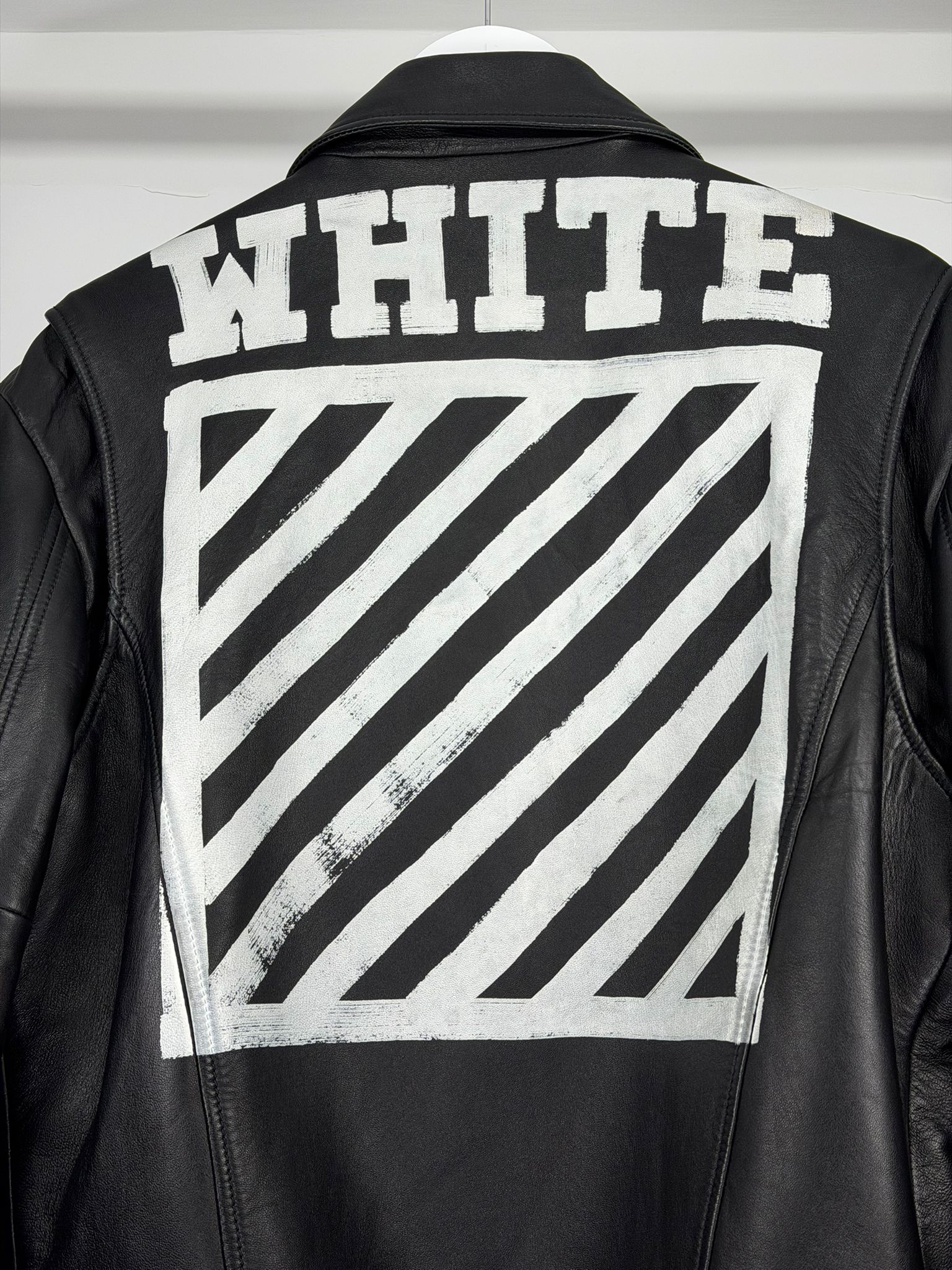 Giacca leggera Off white Size XL nera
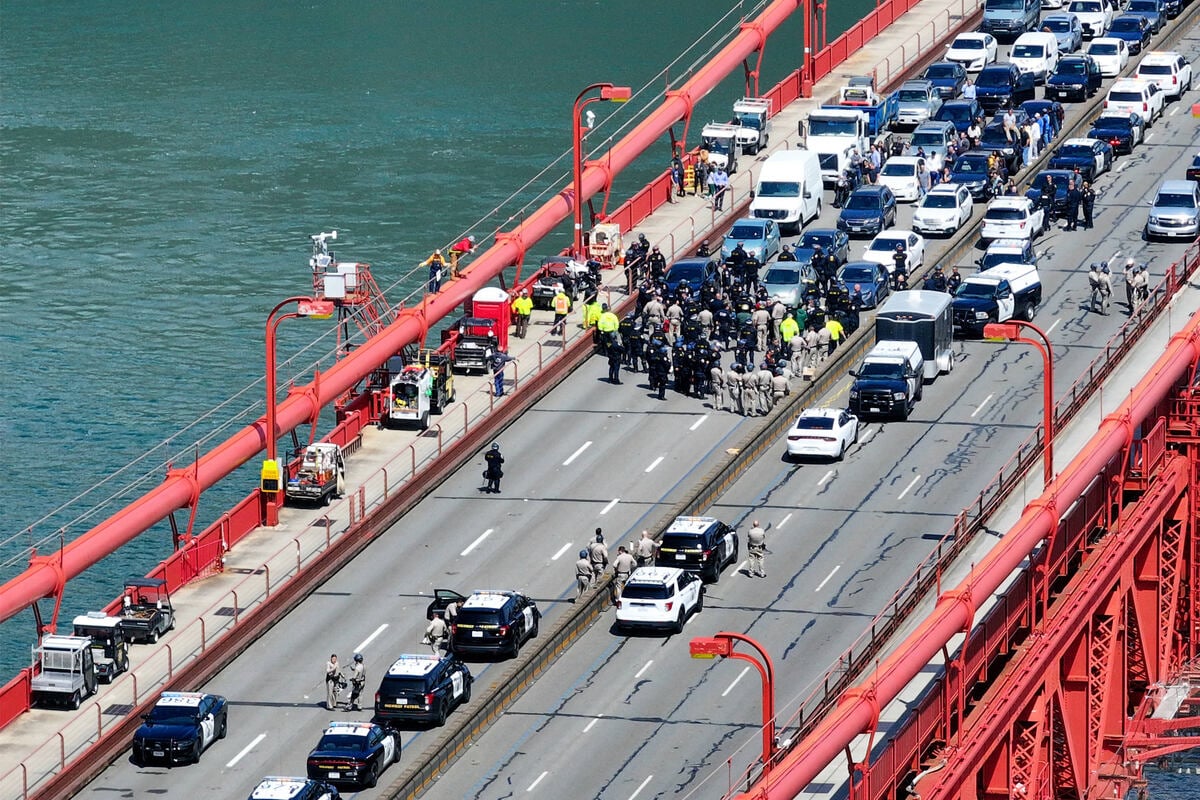 Palestine solidarity protesters sentenced for blocking Golden Gate Bridge traffic during anti-genocide action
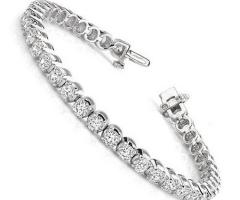 Bracciale argento con brillantini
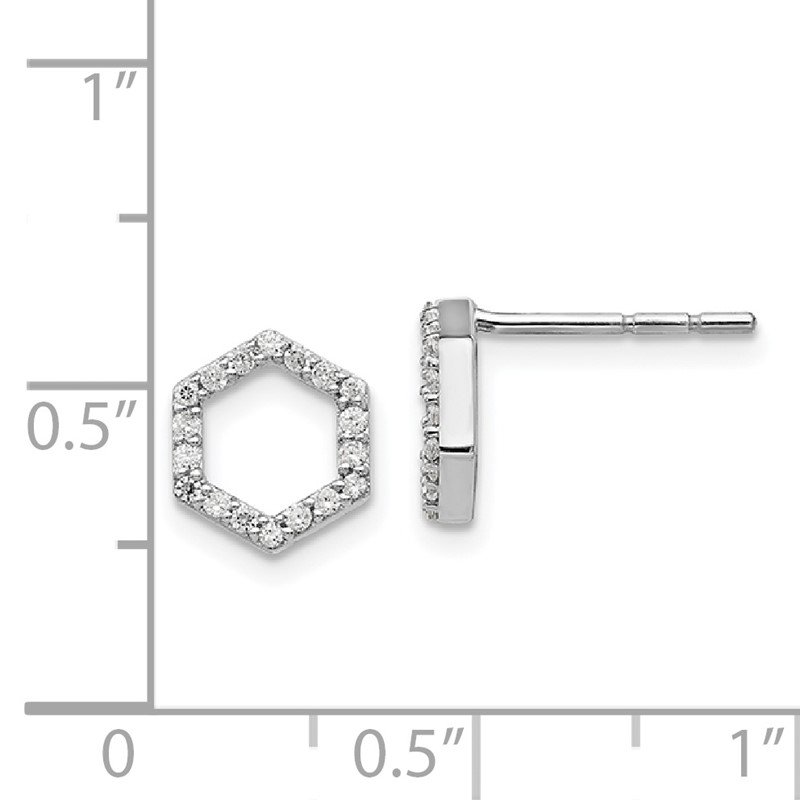 True Origin 14K White Gold 1/5 carat Lab Grown Diamond VS+ F+ Complete ...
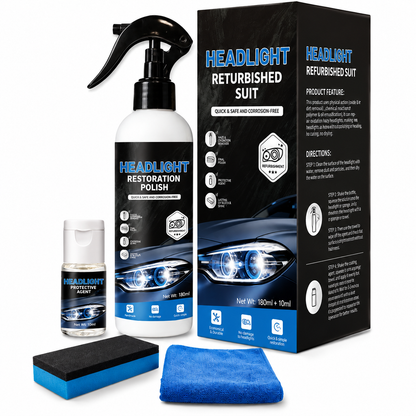 🚗Headlight Crystal Restorer-Car Protection in a Day Kit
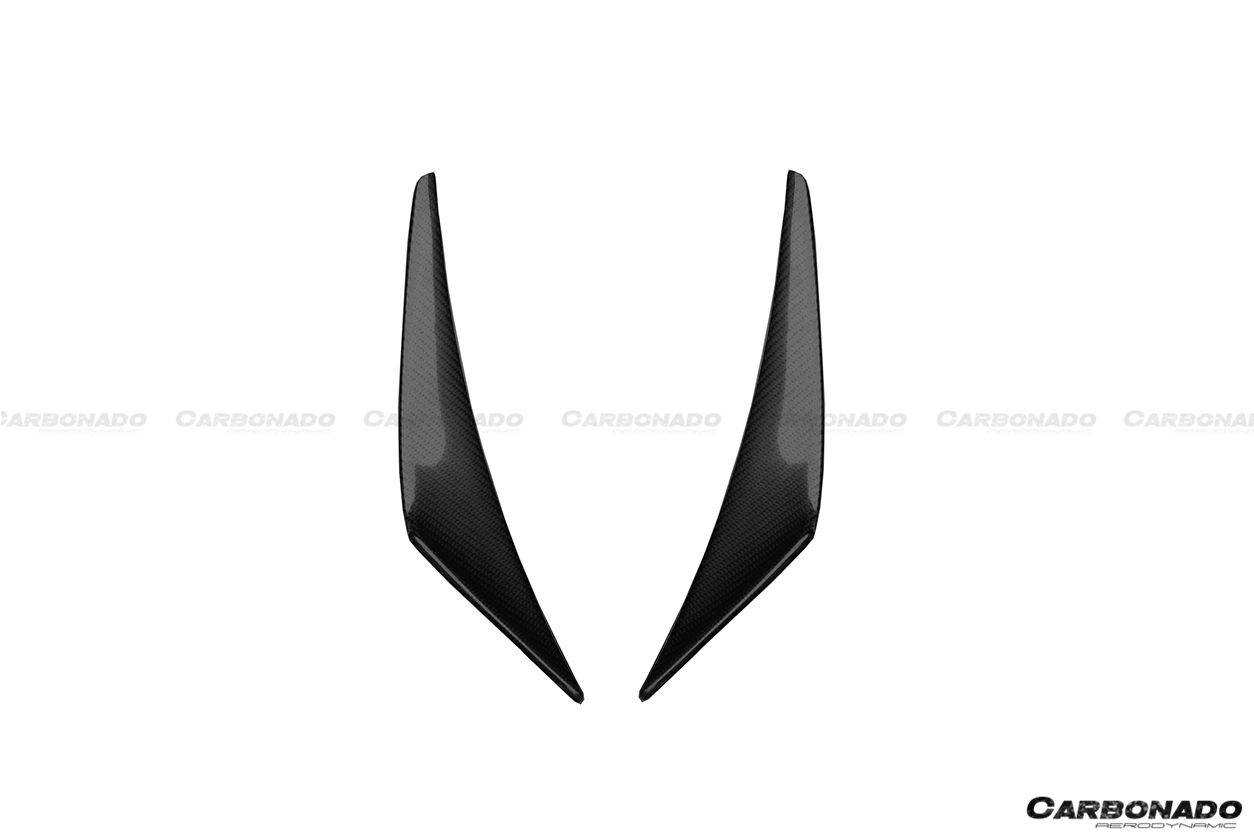 Canards de fibra de carbono estilo BKSS para McLaren 650S MP4 12C Carbonado 2011-2017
-------------------------
● WHAT IS EXPECTED
Every line above should be copied exactly, apart from any pictures.

● RESULT OF THIS TASK
 Giacca leggera Off white Size XL nera
 Palestine solidarity protesters sentenced for blocking Golden Gate Bridge traffic during anti-genocide action
 Bracciale argento con brillantini
 True Origin 14K White Gold 1/5 carat Lab Grown Diamond VS+ F+ Complete ...
 🚗Headlight Crystal Restorer-Car Protection in a Day Kit
 Canards de fibra de carbono estilo BKSS para McLaren 650S MP4 12C Carbonado 2011-2017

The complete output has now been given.